The efforts by director of public prosecutions Sarah McNaughton and Attorney-General Christian Porter to hide their prosecution of Witness K and Bernard Collaery from public scrutiny have sunk to new lows, with a last-minute attempt by the government to impose a super injunction-style gag on a hearing to determine how claims of national security secrecy should be handled in the trial.
After weeks of negotiations between K and Collaery’s legal teams and the Crown over how national security-related issues would be addressed, the DPP sprung a last-minute surprise on Tuesday night, just hours before the matter returned to the ACT Magistrate’s Court. The defence teams were informed that a full week before, prosecutors had given a brief as to the existence of national security information to Attorney-General Christian Porter.
This opens the way for Porter to issue a non-disclosure certificate which will trigger a secret hearing under section 29 of the National Security Information Act 2004 that could result in the entire trial being held in secret. The defence teams want those issues to be heard in open court under a separate section of the act.
The secret hearing would even prevent Bernard Collaery’s lawyers from attending, given they don’t have the kind of security clearance such a hearing would require.
The government has used the national security issue as an excuse not to provide a brief of evidence against K and Collaery. The lack of a brief means the defendants can’t even advise their legal teams given restrictions on sharing national security information. Collaery was unable to instruct him, barrister Chris Ward told the court: “The moment he speaks he breaches the Intelligence Services Act. This is seriously hampering our work.”

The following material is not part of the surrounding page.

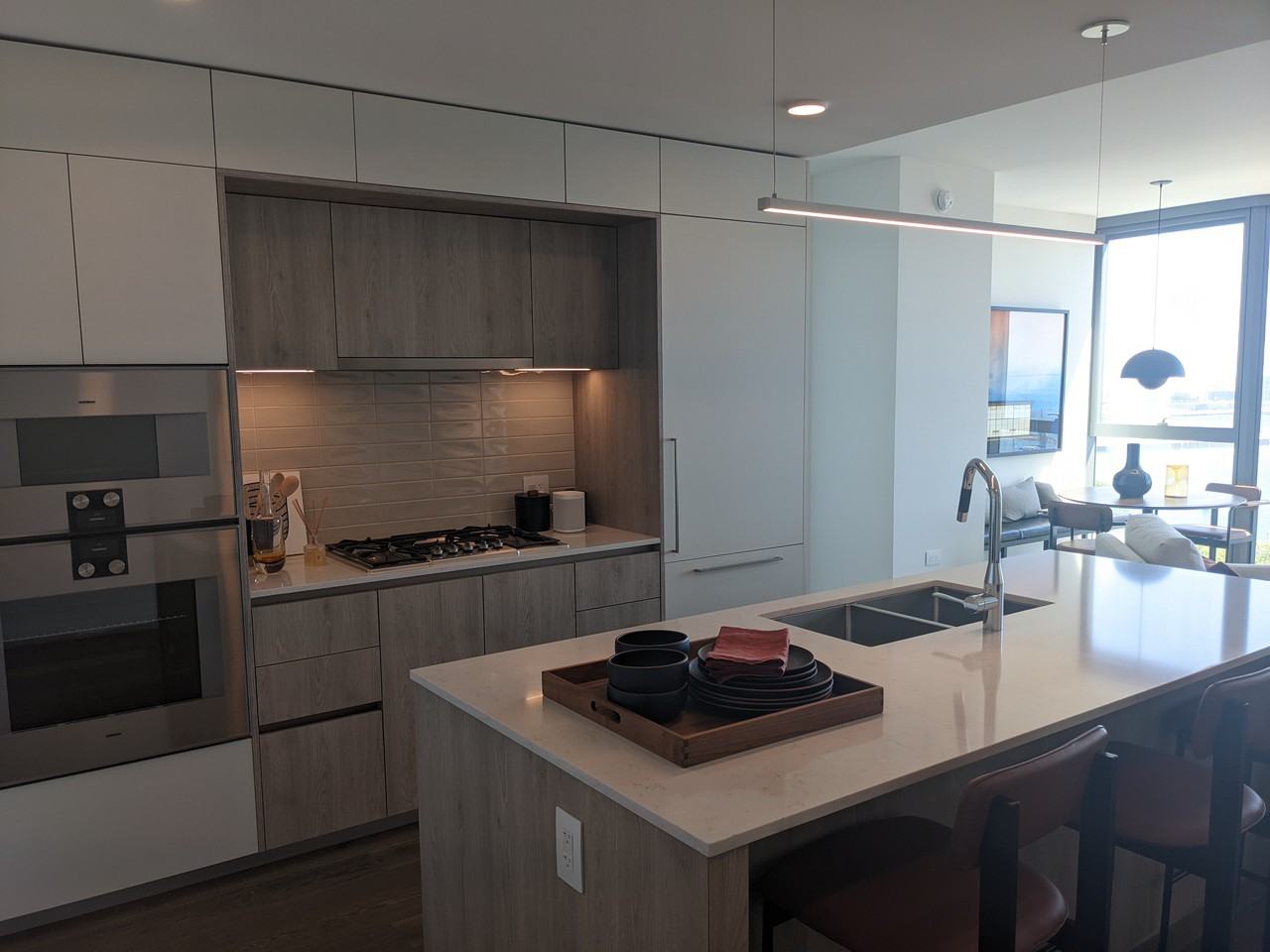 211 N Harbor Dr #904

Ward also criticised the “deliberately late” s.29 advice by the Crown.
Crucial to the national security issue is exactly what information the Crown doesn’t want disclosed, given the key fact — that then-foreign minister Alexander Downer instructed ASIS to illegally bug the Timor-Leste cabinet, taking resources away from the fight against terrorism in Indonesia — is a matter of public record.

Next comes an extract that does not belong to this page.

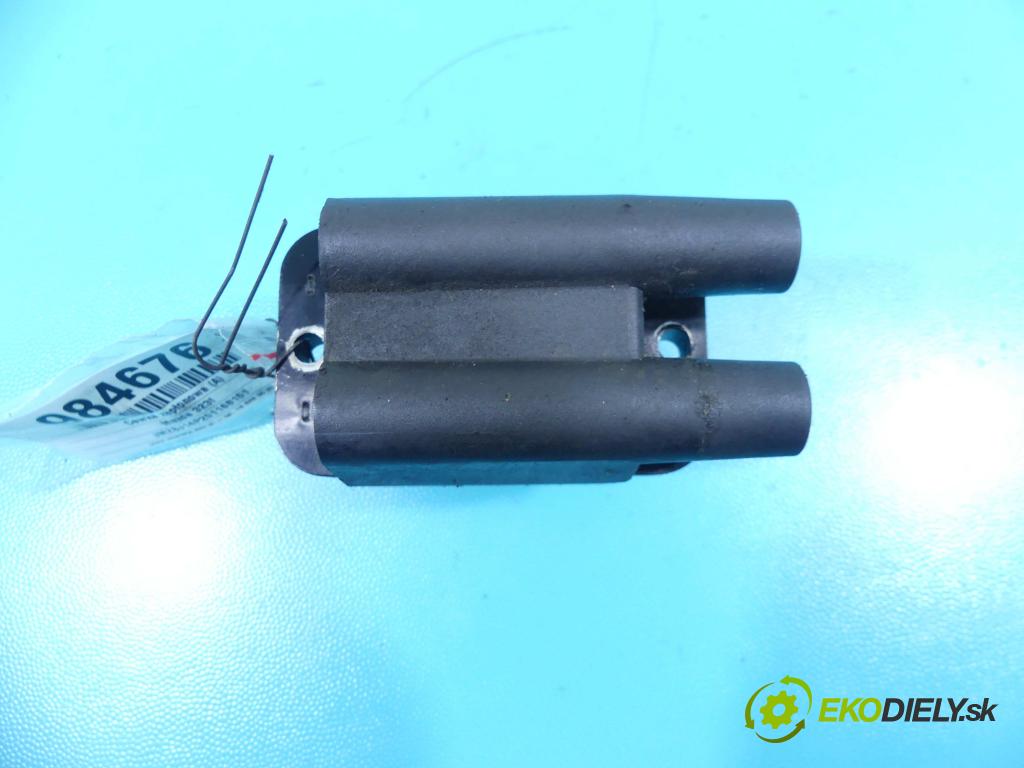 Mazda 323f 1.8 16v 114 HP manual 84 kW 1840 cm3 5- cievka zapaľovacia  (Zapaľovacie cievky, moduly)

“The information the Commonwealth claims is likely to prejudice national security is already in the public domain and therefore cannot prejudice national security if discussed in open court,” Ward noted. K’s barrister Hayden Carmichael has indicated K’s only concern is that his identity remain secret.
Both defence teams have argued that the issues can be fully resolved at a three-day hearing in February, however prosecutors — extraordinarily — claimed this was insufficient time.

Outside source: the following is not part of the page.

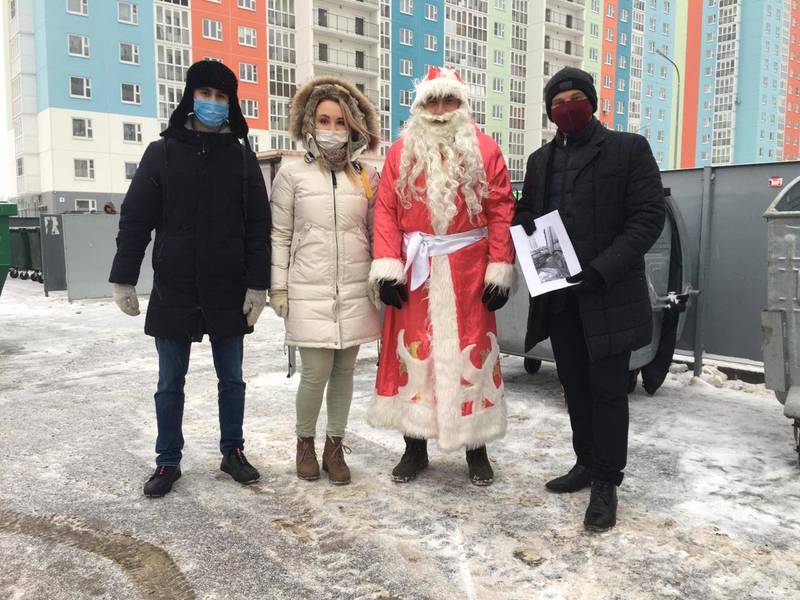 Дед Мороз попросил нижегородцев не перегораживать личными автомобилями подъезд к контейнерным площадкам в праздничные дни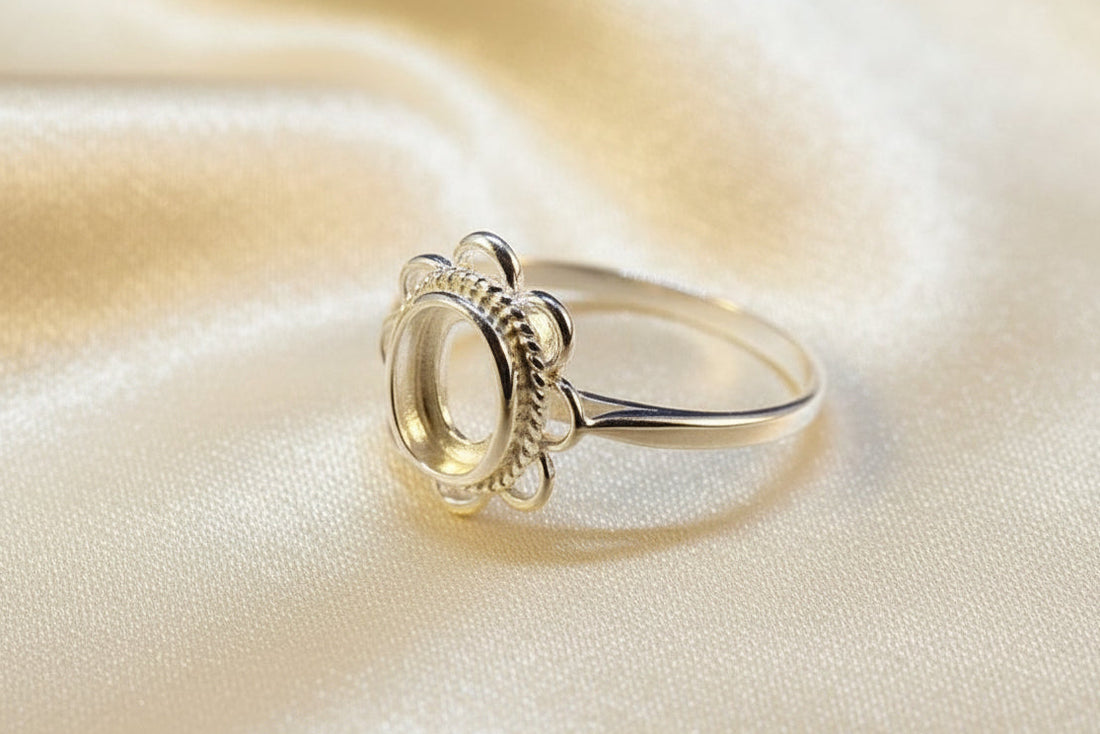 Frill Edge Silver Ring Cabochon Setting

“This is the Commonwealth of Australia. It’s their prosecution. They’ve got the resources,” Ward shot back.
The timing will be decided at another hearing tomorrow. But it seems that the government has an agenda to drag the trial out for as long as possible — perhaps hoping the media will lose interest. Certainly it will have a major impact on Collaery, who is not taking any significant legal work at his Canberra practice until the matter is resolved.
All part of the harassment to which he and K have been subject for five years under both sides of politics.